What you should do: Once the line containing "Luis Enrique, head" is found, retype it and each line after it through the last entry below, word for word, and nothing else.

Data supplied:
+ + + +

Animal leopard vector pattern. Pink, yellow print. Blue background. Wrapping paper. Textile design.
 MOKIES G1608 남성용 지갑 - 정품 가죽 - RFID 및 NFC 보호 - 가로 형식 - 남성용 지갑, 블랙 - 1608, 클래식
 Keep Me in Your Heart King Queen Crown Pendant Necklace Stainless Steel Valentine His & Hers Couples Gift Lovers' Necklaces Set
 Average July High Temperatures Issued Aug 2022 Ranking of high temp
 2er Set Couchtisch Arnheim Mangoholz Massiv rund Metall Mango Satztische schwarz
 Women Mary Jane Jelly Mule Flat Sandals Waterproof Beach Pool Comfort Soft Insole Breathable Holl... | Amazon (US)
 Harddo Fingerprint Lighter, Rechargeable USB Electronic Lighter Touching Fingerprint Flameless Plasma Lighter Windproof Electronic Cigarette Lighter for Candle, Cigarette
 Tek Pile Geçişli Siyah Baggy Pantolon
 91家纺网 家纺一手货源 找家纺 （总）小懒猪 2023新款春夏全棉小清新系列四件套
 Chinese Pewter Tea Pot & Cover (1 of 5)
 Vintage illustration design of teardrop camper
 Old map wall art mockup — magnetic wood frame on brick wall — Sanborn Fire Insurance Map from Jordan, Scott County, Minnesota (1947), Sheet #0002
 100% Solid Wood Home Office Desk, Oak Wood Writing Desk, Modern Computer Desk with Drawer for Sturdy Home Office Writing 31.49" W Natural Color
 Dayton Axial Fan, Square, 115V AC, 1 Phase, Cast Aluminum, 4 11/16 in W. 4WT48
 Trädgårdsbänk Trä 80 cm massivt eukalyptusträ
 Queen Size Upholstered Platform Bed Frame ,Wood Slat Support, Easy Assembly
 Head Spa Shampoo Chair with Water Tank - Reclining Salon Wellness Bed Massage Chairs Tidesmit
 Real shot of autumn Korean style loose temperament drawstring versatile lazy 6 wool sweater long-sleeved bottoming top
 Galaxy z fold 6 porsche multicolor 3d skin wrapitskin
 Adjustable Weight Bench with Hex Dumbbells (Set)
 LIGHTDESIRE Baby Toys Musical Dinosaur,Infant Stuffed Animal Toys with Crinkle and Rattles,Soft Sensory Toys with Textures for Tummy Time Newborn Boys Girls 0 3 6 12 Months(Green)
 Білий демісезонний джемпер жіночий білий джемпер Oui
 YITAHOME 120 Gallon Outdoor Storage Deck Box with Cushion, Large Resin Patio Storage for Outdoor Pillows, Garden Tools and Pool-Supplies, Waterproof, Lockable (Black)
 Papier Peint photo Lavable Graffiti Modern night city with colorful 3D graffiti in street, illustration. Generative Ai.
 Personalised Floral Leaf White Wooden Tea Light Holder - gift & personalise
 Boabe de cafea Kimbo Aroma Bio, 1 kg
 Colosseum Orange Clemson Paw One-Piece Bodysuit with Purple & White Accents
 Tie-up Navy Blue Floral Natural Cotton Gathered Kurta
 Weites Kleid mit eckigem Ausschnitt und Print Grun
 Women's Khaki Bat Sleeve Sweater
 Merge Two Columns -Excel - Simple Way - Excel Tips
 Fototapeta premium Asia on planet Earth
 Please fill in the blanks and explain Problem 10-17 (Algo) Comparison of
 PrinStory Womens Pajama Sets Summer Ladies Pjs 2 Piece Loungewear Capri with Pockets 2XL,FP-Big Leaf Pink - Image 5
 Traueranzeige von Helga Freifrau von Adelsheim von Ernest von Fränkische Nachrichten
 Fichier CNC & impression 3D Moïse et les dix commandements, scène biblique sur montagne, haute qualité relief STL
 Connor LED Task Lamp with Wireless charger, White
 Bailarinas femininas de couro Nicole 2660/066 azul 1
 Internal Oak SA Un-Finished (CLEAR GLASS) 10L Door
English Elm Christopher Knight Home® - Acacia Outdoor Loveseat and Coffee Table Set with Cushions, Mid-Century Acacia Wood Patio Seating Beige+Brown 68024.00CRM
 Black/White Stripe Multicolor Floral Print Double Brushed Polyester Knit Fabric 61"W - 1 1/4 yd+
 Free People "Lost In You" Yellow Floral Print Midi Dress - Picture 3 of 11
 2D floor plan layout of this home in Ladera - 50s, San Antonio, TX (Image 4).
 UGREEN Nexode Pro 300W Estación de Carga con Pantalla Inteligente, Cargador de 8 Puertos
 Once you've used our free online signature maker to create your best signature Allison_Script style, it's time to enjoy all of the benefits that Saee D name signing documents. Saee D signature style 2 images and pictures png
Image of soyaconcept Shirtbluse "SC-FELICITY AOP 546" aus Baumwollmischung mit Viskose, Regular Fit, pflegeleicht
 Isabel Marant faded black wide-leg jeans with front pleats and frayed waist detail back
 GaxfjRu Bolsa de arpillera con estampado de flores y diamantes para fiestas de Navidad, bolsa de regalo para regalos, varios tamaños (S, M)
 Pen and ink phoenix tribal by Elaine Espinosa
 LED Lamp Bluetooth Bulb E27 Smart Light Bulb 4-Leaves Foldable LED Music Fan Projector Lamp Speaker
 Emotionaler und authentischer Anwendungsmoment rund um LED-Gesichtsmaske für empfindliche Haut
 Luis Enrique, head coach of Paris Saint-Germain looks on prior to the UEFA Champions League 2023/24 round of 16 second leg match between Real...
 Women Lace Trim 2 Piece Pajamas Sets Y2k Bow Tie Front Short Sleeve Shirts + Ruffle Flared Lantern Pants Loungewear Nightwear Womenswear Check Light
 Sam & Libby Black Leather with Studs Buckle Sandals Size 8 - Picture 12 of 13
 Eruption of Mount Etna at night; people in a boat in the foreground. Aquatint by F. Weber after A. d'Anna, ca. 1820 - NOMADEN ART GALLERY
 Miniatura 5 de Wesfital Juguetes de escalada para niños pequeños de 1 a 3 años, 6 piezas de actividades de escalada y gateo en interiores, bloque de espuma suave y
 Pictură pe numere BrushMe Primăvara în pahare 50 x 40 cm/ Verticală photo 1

+ + + +

Response for this exercise:
 Luis Enrique, head coach of Paris Saint-Germain looks on prior to the UEFA Champions League 2023/24 round of 16 second leg match between Real...
 Women Lace Trim 2 Piece Pajamas Sets Y2k Bow Tie Front Short Sleeve Shirts + Ruffle Flared Lantern Pants Loungewear Nightwear Womenswear Check Light
 Sam & Libby Black Leather with Studs Buckle Sandals Size 8 - Picture 12 of 13
 Eruption of Mount Etna at night; people in a boat in the foreground. Aquatint by F. Weber after A. d'Anna, ca. 1820 - NOMADEN ART GALLERY
 Miniatura 5 de Wesfital Juguetes de escalada para niños pequeños de 1 a 3 años, 6 piezas de actividades de escalada y gateo en interiores, bloque de espuma suave y
 Pictură pe numere BrushMe Primăvara în pahare 50 x 40 cm/ Verticală photo 1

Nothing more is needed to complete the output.